Highly Available NFS Exports with DRBD & Pacemaker

Highly available NFS

Creating Highly Available NFS Targets with DRBD and Pacemaker

This blog post explains how to configure a highly available (HA) active/passive NFS server on a three-node Linux cluster by using DRBD® and Pacemaker. You can implement this solution on DEB or RPM-based Linux distributions, for example, Ubuntu, or Red Hat Enterprise Linux (RHEL). The instructions in this article were tested on RHEL 9 and Ubuntu 24.04 clusters.

NFS is well-suited for many use cases because it:

  • Enables many computers to access the same files, so everyone on the network can use the same data.
  • Reduces storage costs by having computers share applications rather than needing local disk space for each user application.

The system preparation requirements for this use case are:

  • Two diskful nodes for data replication, one diskless node for quorum purposes.
  • A separate network link for DRBD replication. (This is best practice, not mandatory.)
  • Pacemaker and Corosync are installed on all nodes and their services are enabled to start at system boot time.
  • Open Cluster Framework (OCF) resource agents are installed on all nodes. (If you are a LINBIT® customer, install the resource-agents and drbd-pacemaker packages to install the resource agents used in this article.)
  • A virtual IP address, required for the NFS server. (In this article, the OCF IPaddr2 resource agent is used to automatically set this to 172.16.16.102 in the Pacemaker configuration.)
  • The latest version of DRBD is installed on all nodes and loaded into kernel. (Available from Github, or through LINBIT customer repositories. See the DRBD 9.0 User’s Guide for more details.)
  • An NFS server is installed on all nodes for redundancy. (The NFS server service should not be enabled to start as Pacemaker will start the server when necessary.)
  • All cluster nodes can resolve each other’s hostnames. (Check /etc/hosts or your local DNS server.)
  • SELinux and any firewalls in use are configured to allow appropriate traffic on all nodes. (Refer to the DRBD 9.0 User’s Guide for more information.)
  • The crmsh and pcs CLI utilities are installed on all nodes, for editing and managing the Pacemaker configuration.

After completing these initial preparation steps, you can create your high availability NFS cluster.

Creating a Logical Volume and Directory for the NFS Share

Before creating DRBD resources in the cluster, you need to create a physical volume on top of the physical device (drive). These commands should be entered as root user or else prefaced with sudo.

To do that, enter:

pvcreate /dev/sdx

Here, “x” in sdx corresponds to the letter identifying your physical device.

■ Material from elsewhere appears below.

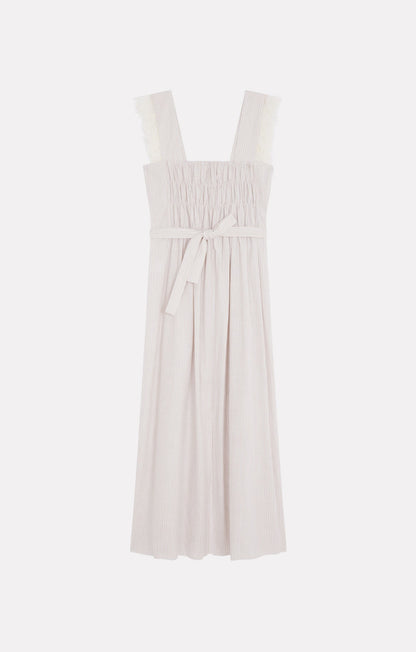 Roseanna Women's Theodora Long Dress in Organic Cotton Poplin - Belair Beige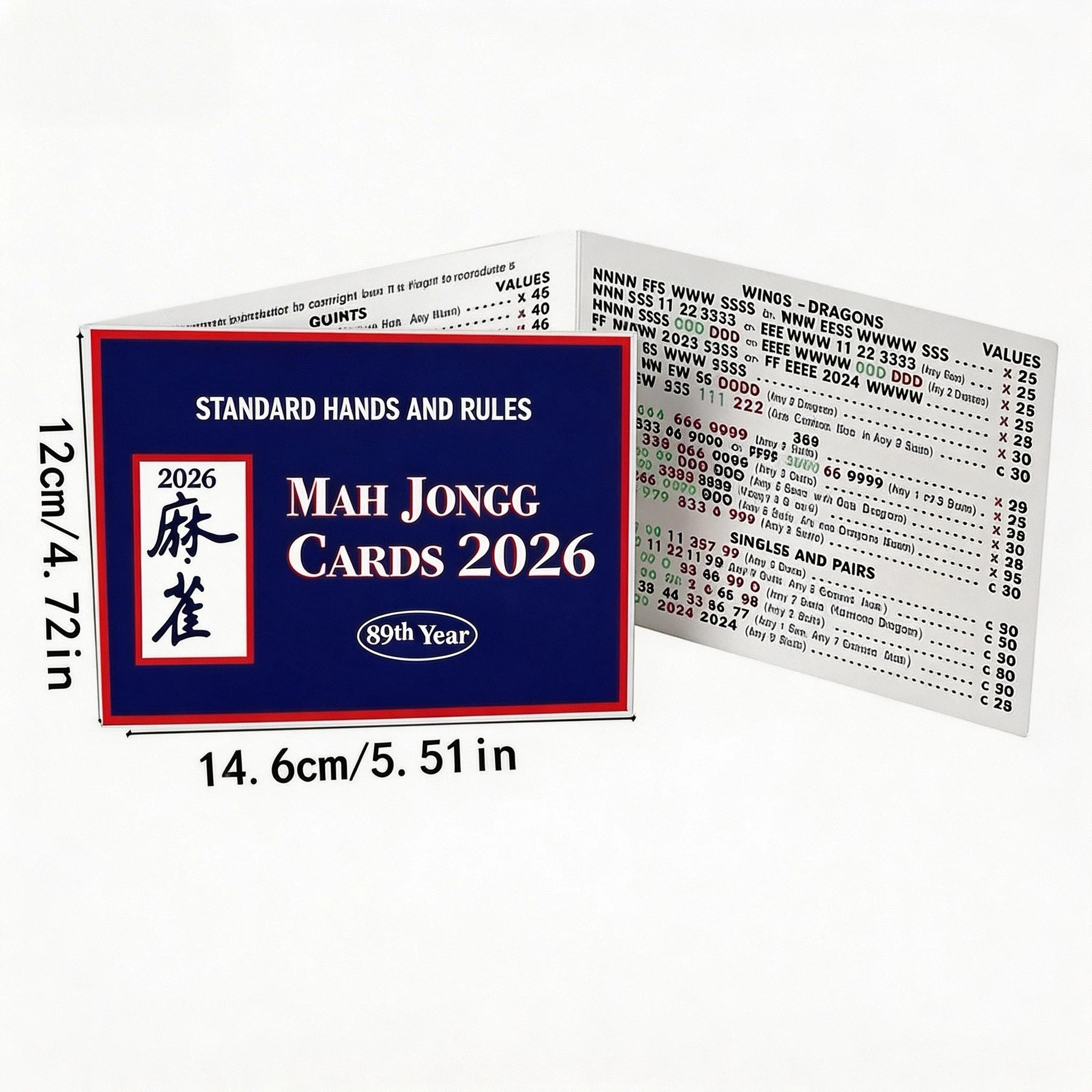 2026 American Mahjong Two-Color Eco-Friendly Cardboard Scorecard Rules Instruction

Then create the volume group, named nfs_vg, by entering:

vgcreate nfs_vg /dev/sdx

Next, create the logical volumes that DRBD will consume.

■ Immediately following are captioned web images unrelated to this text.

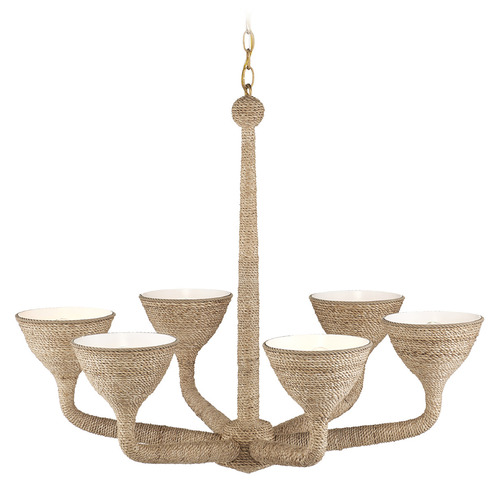 Currey and Company Marbella Natural & Contemporary Gold & Sugar White Chandelier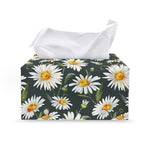 Watercolor Daisy Flower Pattern Print Leather Tissue Box Cover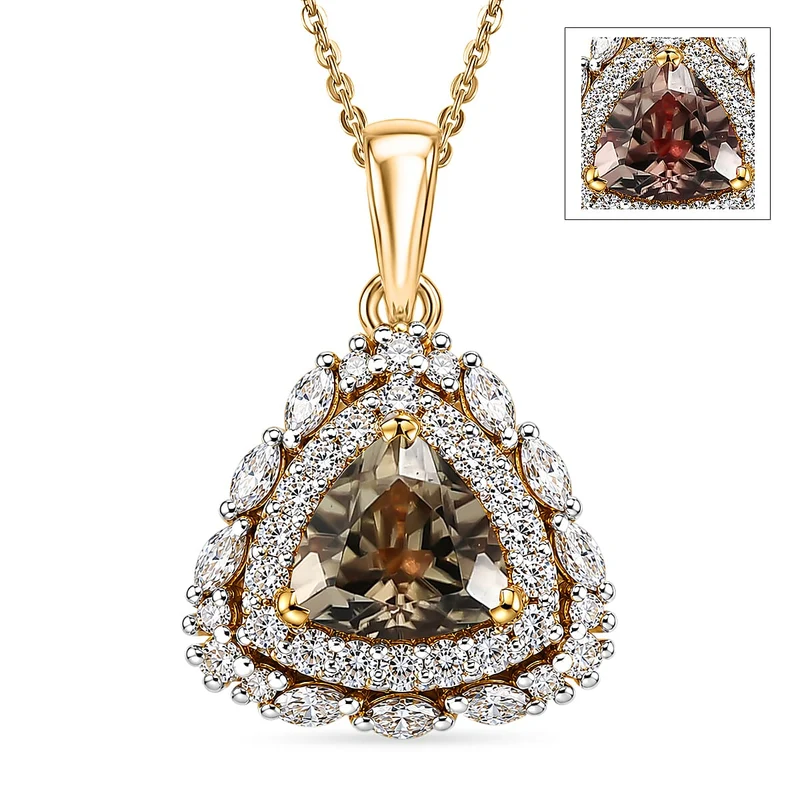 D'Joy AA Turkizit, Moissanit AGI zertifiziert Schmuckset (10-15 Werktage Lieferzeit) ca. 50 cm 925 Silber 750 Gelbgold vermeil ca. 2,24 ct.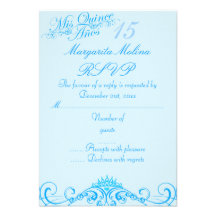 Princess Tiara Blue Quinceanera RSVP Announcements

The first logical volume will be for storing NFS stateful connection information. If NFS stateful connection is not highly available or otherwise synchronized between cluster nodes, then in some failover cases, it might take a long time for NFS exports to become available. This volume will not hold much data and 20M can be a sufficient size.

The second volume will store data that you will share by using NFS. You can replace the 300G with a size appropriate for your use, or else use the -l 100%FREE option rather than -L 300G in the command if you want the logical volume to use 100% of your physical volume.

lvcreate -L 20M -n ha_nfs_internal_lv nfs_vg
lvcreate -L 300G -n ha_nfs_exports_lv nfs_vg

After creating the logical volumes, create the directories that will serve as the mount point for your share, and the mount point for the cluster internal state.

mkdir -p /srv/drbd-nfs/exports/HA
mkdir -p /srv/drbd-nfs/internal

Configuring DRBD

After preparing your backing storage device and a file system mount point on your nodes, you can next configure DRBD to replicate the storage device across the nodes.

Creating a DRBD Resource File

DRBD resource configuration files are located in the /etc/drbd.d/ directory. Resource files need to be created on all cluster nodes. You can create a resource file on one node and then use the rsync command to distribute the file to other nodes. Each DRBD resource defined in the resource configuration file needs a different TCP port. There is only one defined resource in this configuration, so the configuration just uses one TCP port (7003) here. Use the text editor of your choice to create the DRBD resource file as shown below. Change the host names and IP addresses to reflect your network configuration.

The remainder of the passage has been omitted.